Textiles Sanitaires à Usage Unique : une coalition hors-norme saisit la justice pour non-application de la loi AGEC
Une coalition inédite d’associations de collectivités et d’ONG s’est formée pour enjoindre l’État d'appliquer la loi AGEC. Cette loi votée en 2020 prévoyait l’application du principe « pollueur-payeur » aux fabricants d’essuie-tout, mouchoirs en papier, lingettes, couches bébés, masques et quelques autres textiles à usage unique.
Ayant triplé depuis les années 90 [1], ce gisement de 2,4 millions de tonnes de déchets annuels, majoritairement incinéré ou enfoui, est devenu la dernière grande famille de déchets non valorisables encore présents dans nos poubelles.
Ce principe “pollueur payeur” visait à faire peser le coût de la gestion de ces déchets sur leurs fabricants, et ainsi à récupérer à terme près de 800 millions d’euros [2] aujourd’hui à la charge des collectivités locales et de leurs contribuables.
Attendu au 1er janvier 2024, le gouvernement a finalement reculé à la dernière minute et, sous la pression des lobbys, refusé d’appliquer ce principe à l’ensemble du gisement.
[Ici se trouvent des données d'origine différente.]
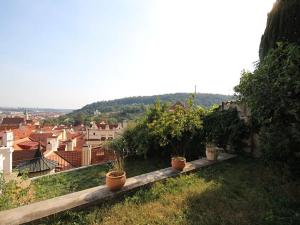 Pronájem bytu 2+kk, Praha - Malá Strana, Zámecké schody, 33 m2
Toutefois, afin d’éviter le paiement de pénalités européennes, il a maintenu cette mesure sur les seules lingettes, soit 1% du gisement initial, conformément aux exigences du droit européen.
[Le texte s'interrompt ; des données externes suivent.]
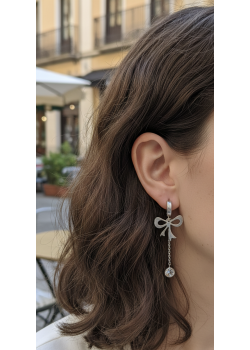 Fiyonk Motif Sallantılı Gümüş Küpe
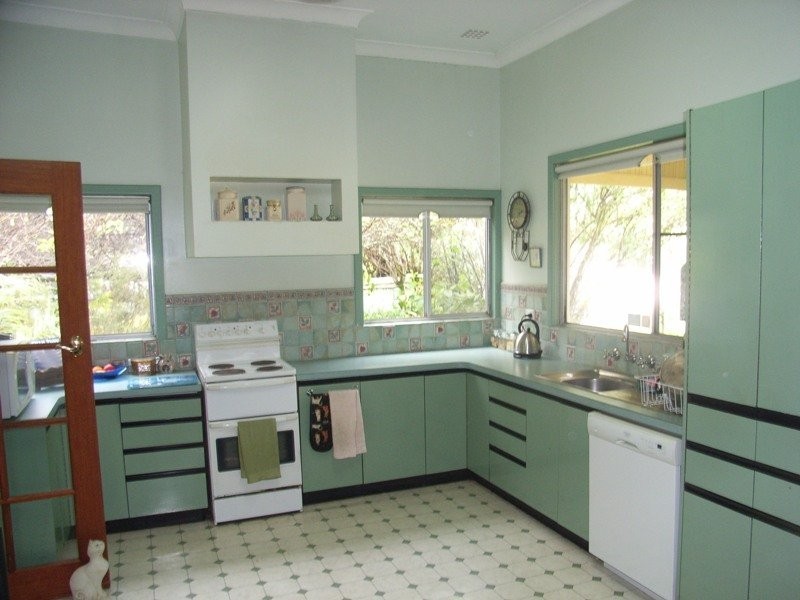 64 Espinos Road, Busselton WA 6280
Ce principe devait permettre d’instaurer des critères pour améliorer l’écoconception de ces produits et promouvoir le recours à des alternatives réemployables, sans plastique ou autres perturbateurs endocriniens, davantage respectueuses de la santé des utilisateurs et de l’environnement. Il devait également contribuer à l’atteinte des objectifs nationaux en matière d’économie circulaire en visant la réduction et la valorisation de ce gisement, notamment grâce à des campagnes de prévention et au déploiement de collecte séparée pour recyclage. Enfin, il devait soutenir l’innovation française et l’émergence de solutions locales alternatives au tout jetable.
Aussi, nous, associations de collectivités et ONG, avons décidé d’aller devant le Conseil d’État pour demander à l’État de respecter la loi et de s’engager dans sa pleine application, dans le respect de l’intérêt général et des fondements de notre démocratie, aujourd’hui trompés par ce refus implicite.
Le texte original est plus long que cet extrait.